お互いがボールを奪い合う。紅組の杉山がボールを奪取した。ケンタにパスする。ケン太はミッドフィルダーの丸尾とひらばをあっという間に突破し、ゴールに近づいた。山根とはまじが徹底的に杉山をマークし、ボールを奪おうとするが、ケンタにパスされる。ケンタがボールを見事に受け取り、シュートを放つ。藤木ははっと思い、ボールを受け止めようとする。しかし、ボールは藤木の手に掠りもせず、ゴールインした。
「ああ・・・」
 藤木は落ち込んだ。
「ドンマイだ、藤木!」
 大野が藤木を励ました。藤木がボールを投げることになった。誰に渡すか迷ったところ、大野に渡そうと考えた。大野の方角へボールを投げる。しかし、大野のそばにいた三沢にとられた。三沢がケンタにパスしようとしたが、花輪が華麗にボールを奪い、大野にパスした。
「サンキュー、花輪!」
 大野がボールをドリブルした。大野もケンタや杉山に負けず劣らずのプレーだった。ブー太郎と山田のマークをかわして内藤にパス、シュートするかと思ったら内藤は中島にパスした。中島がシュートを決める。しかし、キーパーの小杉はなんとか止めた。
(小杉君やるな・・・。ただ食べるだけかと思っていたけど君がすごいよ・・。尊敬に値する・・・)
 藤木は小杉のプレーに感心した。

 その後も紅白戦は続き、ケンタはシュートをもう一度決めた。しかし、藤木は物凄いシュートの威力に負けて止めることが出来なかった。
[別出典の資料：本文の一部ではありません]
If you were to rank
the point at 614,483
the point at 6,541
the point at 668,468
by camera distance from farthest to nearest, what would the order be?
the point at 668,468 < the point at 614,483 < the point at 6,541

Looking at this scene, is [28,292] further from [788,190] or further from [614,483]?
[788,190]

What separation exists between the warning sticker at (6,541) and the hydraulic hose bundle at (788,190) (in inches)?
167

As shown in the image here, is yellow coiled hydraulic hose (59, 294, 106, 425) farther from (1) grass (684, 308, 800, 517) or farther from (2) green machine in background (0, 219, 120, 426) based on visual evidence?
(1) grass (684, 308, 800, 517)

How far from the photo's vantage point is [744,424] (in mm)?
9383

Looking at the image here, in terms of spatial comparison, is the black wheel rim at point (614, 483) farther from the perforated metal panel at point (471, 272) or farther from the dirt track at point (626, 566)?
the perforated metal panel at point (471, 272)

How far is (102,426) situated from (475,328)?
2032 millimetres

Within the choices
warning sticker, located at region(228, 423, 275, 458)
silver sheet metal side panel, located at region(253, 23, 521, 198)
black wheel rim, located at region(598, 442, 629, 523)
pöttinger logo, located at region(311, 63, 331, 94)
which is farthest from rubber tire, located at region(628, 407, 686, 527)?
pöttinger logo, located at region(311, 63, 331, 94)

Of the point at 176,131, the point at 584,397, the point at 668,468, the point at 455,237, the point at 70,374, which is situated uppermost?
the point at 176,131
「白組!キーパーをはまじに替えてくれ!藤木君はディフェンダーをやってくれるかい!?」
 ケン太が案じた。
「あ、うん・・・」
 藤木はキーパーをはまじと替わった。
「ごめんよ、浜崎君・・・」
「おっしゃー、まかせろ!」
 試合を再開し、大野がボールを蹴った。そして、長山ととくぞうがボールを奪いに来たところを、中島へパスし、中島はゴールへと突進した。そこに永沢とブー太郎がマークしようとするところを大野にパスをする、大野がシュートを決める。小杉は取ろうとするが、今度は取れずにボールはゴールに刺さった。
「やったぜ!」
 その後も攻防は続き、杉山がシュートを決めた。はまじがボールを取ろうとするも、取り損ねてしまった。
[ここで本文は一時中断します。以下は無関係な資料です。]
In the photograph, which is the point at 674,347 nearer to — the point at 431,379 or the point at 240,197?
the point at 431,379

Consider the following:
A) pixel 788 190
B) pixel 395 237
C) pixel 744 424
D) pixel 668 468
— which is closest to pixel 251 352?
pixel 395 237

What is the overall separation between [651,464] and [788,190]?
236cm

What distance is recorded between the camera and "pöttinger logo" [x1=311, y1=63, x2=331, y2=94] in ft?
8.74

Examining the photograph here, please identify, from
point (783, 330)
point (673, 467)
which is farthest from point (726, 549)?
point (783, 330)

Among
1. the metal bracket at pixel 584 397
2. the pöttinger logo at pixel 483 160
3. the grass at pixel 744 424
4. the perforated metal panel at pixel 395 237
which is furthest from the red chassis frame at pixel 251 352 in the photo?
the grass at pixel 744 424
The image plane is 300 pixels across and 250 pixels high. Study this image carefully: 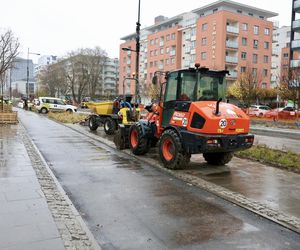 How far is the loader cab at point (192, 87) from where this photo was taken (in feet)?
31.5

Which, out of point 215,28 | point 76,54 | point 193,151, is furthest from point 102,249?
point 76,54

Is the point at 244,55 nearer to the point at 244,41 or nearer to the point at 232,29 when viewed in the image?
the point at 244,41

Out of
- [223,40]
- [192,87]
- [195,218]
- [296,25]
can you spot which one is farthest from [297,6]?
[195,218]

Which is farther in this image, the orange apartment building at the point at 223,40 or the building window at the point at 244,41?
the building window at the point at 244,41

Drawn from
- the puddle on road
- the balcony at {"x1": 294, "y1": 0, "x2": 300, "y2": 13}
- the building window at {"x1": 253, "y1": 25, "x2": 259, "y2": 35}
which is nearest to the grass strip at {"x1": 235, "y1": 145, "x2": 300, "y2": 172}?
the puddle on road

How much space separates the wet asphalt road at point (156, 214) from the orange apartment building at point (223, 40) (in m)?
54.0

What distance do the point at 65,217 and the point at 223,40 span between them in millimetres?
61510

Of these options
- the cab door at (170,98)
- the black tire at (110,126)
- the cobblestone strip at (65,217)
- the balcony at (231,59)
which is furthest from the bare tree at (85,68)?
the cobblestone strip at (65,217)

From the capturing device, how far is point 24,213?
5551 millimetres

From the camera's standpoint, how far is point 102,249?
454 centimetres

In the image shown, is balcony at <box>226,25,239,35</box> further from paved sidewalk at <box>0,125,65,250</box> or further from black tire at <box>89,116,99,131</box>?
paved sidewalk at <box>0,125,65,250</box>

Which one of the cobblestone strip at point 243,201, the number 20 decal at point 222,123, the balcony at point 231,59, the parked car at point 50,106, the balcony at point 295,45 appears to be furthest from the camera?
the balcony at point 231,59

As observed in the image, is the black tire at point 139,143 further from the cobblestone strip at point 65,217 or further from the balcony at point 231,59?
the balcony at point 231,59

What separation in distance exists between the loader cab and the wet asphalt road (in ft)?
6.26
「じゃあ、今日はそこまでにしよう!これでみんな何が弱点がわかったはずだ。明日からはその弱点を克服する特訓をしよう!」
 こうして解散した。藤木は2度もゴールを守れず、落ち込んでいた。
「はあ~、簡単にゴールを許すようじゃ、僕はキーパー失格だな・・・」
 藤木は己の失敗ばかりを考えていた。これでは永沢の言うとおり、自分はボールに恐怖心を持って、相手にとってゴールはがらあき同様と思われるだろう。本郷のシュートどころか、誰のシュートも止められないとさらに自分を責めた。こうなったら、風邪を引いたとでも仮病で休もうか。それともどこか怪我をしたと言って出られないとアピールしようか。藤木は球技大会から逃げ出すことを考えていた。その時、永沢が急に藤木に話しかけてきた。
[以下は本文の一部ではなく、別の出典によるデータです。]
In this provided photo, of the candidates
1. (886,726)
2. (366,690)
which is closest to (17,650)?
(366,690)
「藤木君、君もしかして、今日の失敗で球技大会を休もうと思っているんじゃないのかい?」
 永沢は案の定、藤木の考えていることを見抜いていた。
「い、いや、そんなことないさ!!」
 藤木は慌てて誤魔化した。
「藤木君!」
 ケン太が藤木を呼んだ。
「ケン太君、何だい?」
「まだ始めたばかりだから落ち込むことはないよ!練習していけばきっとシュートも取れるようになるからさ!自信持てよ!」
「うん、ありがとう!」
 藤木はケン太に礼をした。
「藤木君、ケン太君も君に期待しているんだ。決してズル休みとか卑怯なことを考えるなよ」
「わ、わかったよ、永沢君・・・」
 藤木は自信は持てなくともやるしかないと思った。 
 

 
後書き
次回:「排球(バレーボール)
 体育館裏でバレーボールの練習を始めた女子達。しかし、仕切りたがりの前田が些細な失敗を怒って皆のやる気を奪ってしまい・・・。

 一度消えた恋が蘇る時、物語は始まる・・・!!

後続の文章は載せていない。